Oui, Denise est fatiguée car Denise est parisienne et les marches en montagne ne font pas vraiment partie de son quotidien ! Que fait Denise avec Paul, le narrateur, au mont Ventoux ? Alors là, c’est une histoire, une sacrée histoire que je ne vais pas vous raconter ! Il faut dire que Denise a choisi Paul qui a accepté Denise. Mais Denise n’est pas à Paul, Denise est à Valentine et Valentine est allée courir le monde avec un bel homme du nom de Joop Van Gennep (oui, hollandais) – un être extraordinaire dont les activités commerciales m’ont fait pleurer de rire, oui, vraiment ! Parce que, sachez-le tout de suite, ce texte est drôle, très drôle, la comédie humaine burlesque à souhait. L’humour est piquant, mordant (sans mauvais jeu de mots, bien entendu !) L’œil attentif et amusé du narrateur observe le monde : tout se passe comme s’il se sentait vaguement étranger à toute cette mascarade.
Donc Denise est à la montagne. Elle s’éveille enfin, se réveille, celle qui dort beaucoup, à l’affût de la moindre odeur, du son le plus ténu et ce qu’elle découvre sur les pentes du Ventoux la transporte follement. Alors, elle court, celle qui ne se promène qu’en laisse, elle grimpe, suivie de Paul : « elle rentrait ivre des grandes terres, d’une bambée comme jamais elle n’en avait connue car, en plus des distances, des bonds et des galops, nulle part de tout le jour elle n’avait senti l’homme à part moi, cette essence usuelle à sa truffe, disparue, on eût dit qu’elle s’en grisait, du manque. »
J’aime les chiens, j’ai toujours eu des chiens, de toutes les tailles, de toutes les races, je les observe avec plaisir, je guette avec délice leurs réactions, analyse leur caractère. J’aime les textes qui parlent d’animaux, ceux de Colette, Virginia Woolf, Elisabeth von Arnim, Romain Gary, Roger Grenier, Akika Mizubayashi, Timothy Findley mais franchement, j’ai rarement lu de description aussi juste du comportement animal. Michel Jullien a un chien, des chiens sûrement, j’en mettrais ma main au feu. Voici par exemple le repas de Denise : « Les chiens ont une façon de manger à l’envers, ils engorgent le meilleur, dilapident sans goût, bâfrent d’abord sans succulence et se délectent ensuite des traces subsidiaires, les seules sapides dirait-on raffinées ; tout se passe comme s’ils voulaient se débarrasser du principal pour en venir aux exquis rogatons, aux souillures collées sur les bords de l’assiette, les seules précieuses à leurs papilles. Lorsqu’il n’y a vraiment plus rien dans la gamelle, alors le chien commence à manger. » C’est génial, d’une pertinence absolue !

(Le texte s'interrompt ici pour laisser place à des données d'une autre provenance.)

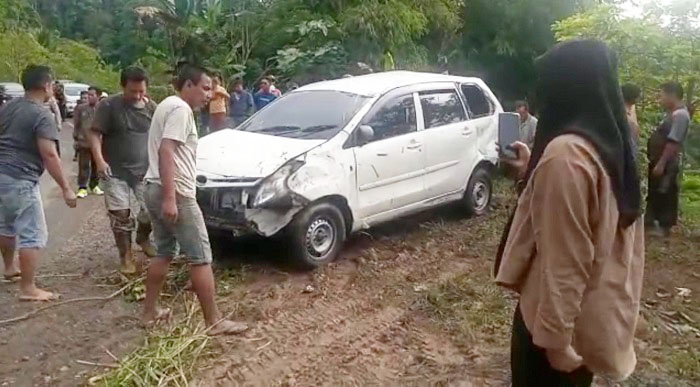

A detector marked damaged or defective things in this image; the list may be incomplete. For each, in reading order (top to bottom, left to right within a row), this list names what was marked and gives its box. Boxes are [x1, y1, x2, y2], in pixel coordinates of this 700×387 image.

dented car hood [197, 130, 326, 179]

Evidemment, je me suis attachée à Denise, une bonne bête, vraiment ! Evidemment, Paul aussi s’est attaché à Denise, mais Denise n’est pas à Paul vous ai-je déjà dit…

Je parlais de Ponge, du Parti pris des choses, il y a, je crois, de cela chez Michel Jullien, une certaine attention aux choses et aux êtres, à ce qui fait le monde, une sorte de contemplation, amusée souvent, étonnée parfois, fascinée toujours, de la forme que prend ce monde, cuissots de chien ressemblant aux contours de l’Afrique, bêtes à quatre pattes « debout comme des tables », truffe de l’animal dessinant sur la vitre embuée l’esquisse d’une estampe japonaise. Les choses se font paysages, œuvres d’art, natures mortes, le vivant se réifie, encore faut-il prendre le temps de voir, d’observer, d’arrêter son regard, de cesser sa course.
L’écriture ici nous y aide, qui sert de frein.
Ralentir pour regarder dans le ciel le passage d’un avion : « Il me semblait qu’une certaine éternité naissait ou s’éteignait dans quoi nous étions désormais retranchés », vivre une espèce d’éternité commune, un face-à-face fou d’amour dans un paysage fou de beauté, homme et chien. L’animal, expert en attente. L’homme s’y initiant, contraint certes, mais refusant désormais le temps inscrit à son poignet.
Tous deux unis à jamais, quoi qu’il arrive. Mais j’en dis trop, j’en dis trop.

Une ode à la beauté, à la vie, à l’amour, au don de soi et au temps qui passe. Un texte fort et inoubliable.